Prevent the most common SaaS attacks
Find employee accounts vulnerable to credential stuffing and brute force attacks. Automatically harden them and get alerted to suspicious account activities.
Attackers are picking off SaaS accounts with weak and reused passwords using automated credential stuffing and brute-forcing techniques. Auth0 reported that 34% of their traffic is credential stuffing attempts.
Not all SaaS apps support SSO and, if they do, most charge extra for it. That means password-protected accounts aren’t going anywhere. The accounts being compromised aren’t for trivial apps either; they can be business critical no-code solutions and highly sensitive developer tools.
Get visibility of all employees’ SaaS accounts and automatically prompt employees to secure vulnerable accounts with strong, unique passwords and MFA.
Guide employees in the browser to use unique and strong passwords as they’re creating new SaaS accounts. Prevent new vulnerable accounts from existing in the first place.
Technically validate that employees are following your MFA policy. Push identifies which employees are using MFA and then reaches out to those that aren’t to help them enable it.

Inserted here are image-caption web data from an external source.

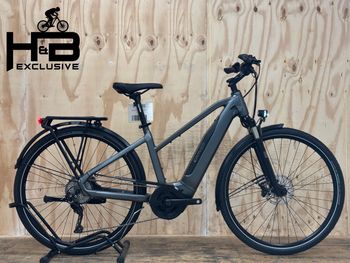 Carver, Route E.440 Shimano XT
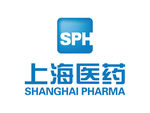 上海医药 标志 LOGO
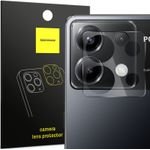 Spacecase Camera Glass Poco X6 Pro 5G - (5905719107697)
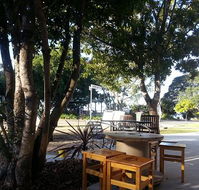 Zesty Lemon Cafe - Accommodation Bookings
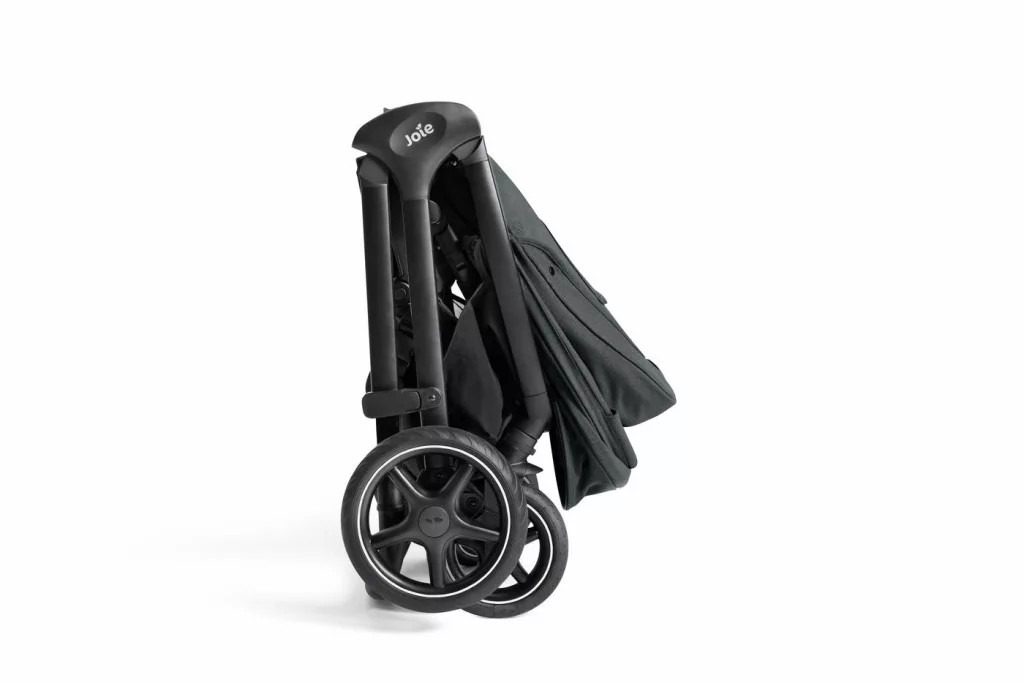 Joie Signature Finiti 2in1 6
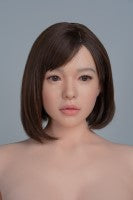 Lisa sexdukke (Zelex 170 cm C-cup GE124-1 silikon)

Identify the accounts where credentials are being shared by multiple employees. Make sure employees are using unique account IDs, not sharing credentials across insecure channels and enabling MFA where possible.
Attackers use mail rules to forward sensitive data or account password resets for other SaaS accounts. Get alerted to this indicator of SaaS compromise in real time to start investigating sooner.